Этот случай показал мне, что дорожить своим временем — не значит торопиться без оглядки.
Увлекся…
18 августа 1933 года, в день авиационного праздника, на станцию Сиверская собралось несколько тысяч трудящихся. Празднично разодетые, они приехали из Ленинграда, из Луги, из ближайших сел и деревень.
На аэродроме было очень шумно и весело. Со всех концов неслись песни.
Заглушая песенников, пулеметной дробью тарахтели моторы.
В этот день я должен был сделать показательный затяжной прыжок, а также продемонстрировать стрельбу из пикирующего самолета.

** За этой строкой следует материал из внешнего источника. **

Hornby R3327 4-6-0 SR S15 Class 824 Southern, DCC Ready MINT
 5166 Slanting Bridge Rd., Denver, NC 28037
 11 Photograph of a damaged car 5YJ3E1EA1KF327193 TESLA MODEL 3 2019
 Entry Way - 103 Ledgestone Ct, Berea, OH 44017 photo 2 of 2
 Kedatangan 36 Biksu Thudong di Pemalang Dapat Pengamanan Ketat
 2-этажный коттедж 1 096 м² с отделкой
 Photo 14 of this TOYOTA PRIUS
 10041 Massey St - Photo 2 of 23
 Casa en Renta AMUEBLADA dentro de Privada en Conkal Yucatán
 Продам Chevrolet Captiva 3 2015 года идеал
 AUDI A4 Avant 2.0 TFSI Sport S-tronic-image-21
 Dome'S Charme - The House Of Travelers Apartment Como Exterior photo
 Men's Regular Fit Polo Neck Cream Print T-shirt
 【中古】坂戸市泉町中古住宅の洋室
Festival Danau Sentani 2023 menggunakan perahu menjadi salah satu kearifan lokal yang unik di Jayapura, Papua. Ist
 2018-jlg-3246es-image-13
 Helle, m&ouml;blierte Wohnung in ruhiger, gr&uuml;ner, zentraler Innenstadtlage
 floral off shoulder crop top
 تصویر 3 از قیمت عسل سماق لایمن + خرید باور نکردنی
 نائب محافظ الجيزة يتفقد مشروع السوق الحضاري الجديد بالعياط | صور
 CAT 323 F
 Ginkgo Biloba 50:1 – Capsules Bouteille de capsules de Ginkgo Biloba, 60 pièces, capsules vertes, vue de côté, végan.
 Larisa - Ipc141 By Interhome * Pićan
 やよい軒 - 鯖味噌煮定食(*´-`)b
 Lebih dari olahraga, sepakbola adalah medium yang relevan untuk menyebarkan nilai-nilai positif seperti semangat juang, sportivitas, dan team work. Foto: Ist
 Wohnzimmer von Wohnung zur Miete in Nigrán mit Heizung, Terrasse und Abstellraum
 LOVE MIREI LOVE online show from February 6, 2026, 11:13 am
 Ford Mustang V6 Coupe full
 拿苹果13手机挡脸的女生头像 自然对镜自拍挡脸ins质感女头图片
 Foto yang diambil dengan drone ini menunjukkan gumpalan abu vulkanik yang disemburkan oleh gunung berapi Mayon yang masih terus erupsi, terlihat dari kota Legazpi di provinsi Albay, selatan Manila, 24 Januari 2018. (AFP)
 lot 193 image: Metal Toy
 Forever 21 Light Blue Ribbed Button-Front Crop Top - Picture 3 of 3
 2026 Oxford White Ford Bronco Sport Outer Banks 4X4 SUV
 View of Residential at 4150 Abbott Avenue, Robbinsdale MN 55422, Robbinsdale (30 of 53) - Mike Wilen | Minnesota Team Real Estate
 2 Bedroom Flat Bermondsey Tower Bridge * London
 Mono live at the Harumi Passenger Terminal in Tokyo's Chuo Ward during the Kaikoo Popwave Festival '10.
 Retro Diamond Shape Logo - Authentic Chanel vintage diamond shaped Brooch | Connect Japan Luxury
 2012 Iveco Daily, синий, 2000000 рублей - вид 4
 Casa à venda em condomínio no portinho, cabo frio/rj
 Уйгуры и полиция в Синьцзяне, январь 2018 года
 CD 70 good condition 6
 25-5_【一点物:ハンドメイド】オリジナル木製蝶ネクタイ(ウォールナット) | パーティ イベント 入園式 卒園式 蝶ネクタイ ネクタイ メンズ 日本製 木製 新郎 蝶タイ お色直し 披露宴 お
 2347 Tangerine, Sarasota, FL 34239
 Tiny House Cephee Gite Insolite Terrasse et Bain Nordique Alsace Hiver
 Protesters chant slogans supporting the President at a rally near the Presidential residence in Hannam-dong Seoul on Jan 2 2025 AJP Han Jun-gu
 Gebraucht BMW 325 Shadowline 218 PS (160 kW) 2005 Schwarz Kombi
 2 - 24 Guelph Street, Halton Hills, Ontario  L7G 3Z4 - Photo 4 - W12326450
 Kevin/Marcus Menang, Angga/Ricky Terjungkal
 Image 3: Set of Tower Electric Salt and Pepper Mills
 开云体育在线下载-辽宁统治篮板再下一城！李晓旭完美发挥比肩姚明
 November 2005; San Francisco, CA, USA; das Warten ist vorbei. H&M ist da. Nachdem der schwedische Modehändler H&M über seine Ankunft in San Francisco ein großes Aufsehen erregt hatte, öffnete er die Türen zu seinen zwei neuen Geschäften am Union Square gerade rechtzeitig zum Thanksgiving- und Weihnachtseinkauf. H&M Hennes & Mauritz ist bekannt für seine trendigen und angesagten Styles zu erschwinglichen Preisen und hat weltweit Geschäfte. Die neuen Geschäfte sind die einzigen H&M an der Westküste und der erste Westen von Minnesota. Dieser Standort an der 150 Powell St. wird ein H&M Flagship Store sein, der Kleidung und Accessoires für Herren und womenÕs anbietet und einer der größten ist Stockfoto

На краю аэродрома была выложена цель, и я произвел четыре очереди. Затем, когда самолет снова взмыл в воздух, добровольцы, из собравшихся зрителей, ходили осматривать количество пробоин.
Наступило время прыжка.
Товарищи провожали меня до самолета и изощрялись в пожеланиях:
— Смотри, не заглядись на птичку, а то забудешь парашют раскрыть.
— В случае чего, — перекрикивал всех Коля Оленев, — бухайся в воз сена — будешь жив.
Я сел в машину. Летчик включил мотор, и самолет, пробежав по зеленому ковру, взмыл в воздух. Быстро набрав высоту, уперлись в облака. Выше лететь было нельзя — мешал сплошной белесый покров, прятавший голубое небо.
Произведя расчеты, я все же решил лететь затяжным прыжком 300–400 метров.
Выбрался из самолета, плавно оттолкнулся и сразу же принял удобное для меня положение — головой вниз.
Неожиданно мною овладел экспериментаторский зуд.
Откинув в сторону одну ногу, я старался запомнить, какое влияние это оказывает на мое падение. То же проделываю вначале с одной рукой, затем с другой.
Прошло несколько секунд, как вдруг, словно электрическим током, пронизала мысль, что, выбросившись на высоте 600 метров, я лечу со скоростью 50 метров в секунду. Надвигающаяся земля ослепляла глаза обилием света.
Моментально дернул за вытяжное кольцо. Как раскрылся парашют, точно не помню. Вслед за рывком я почувствовал сильный удар о землю.
Парашют раскрылся настолько близко от земли, что он едва-едва успел погасить скорость моего падения.
Я остался жив благодаря тому, что парашют запутался в молодых березках и тем самым задержал основную силу падения. Если бы не березки, я бы неминуемо разбился.
Как оказалось, я раскрыл парашют всего в 70–60 метрах от земли. Промедли я еще одно мгновенье — и уже никакие березки не спасли бы меня.
Такое позднее раскрытие парашюта было очень эффектным, но ничем не оправданным.
Летчики, наблюдавшие за моим прыжком, ясно видели очки моего комбинезона.
С тех пор я сделал десятки экспериментальных прыжков, но ни один из них не был с таким поздним раскрытием.
Выполняя в прыжке поставленную перед собой задачу, я никогда ничем побочным не увлекаюсь. Таких происшествий, как 18 августа 1933 года, больше со мной не случалось.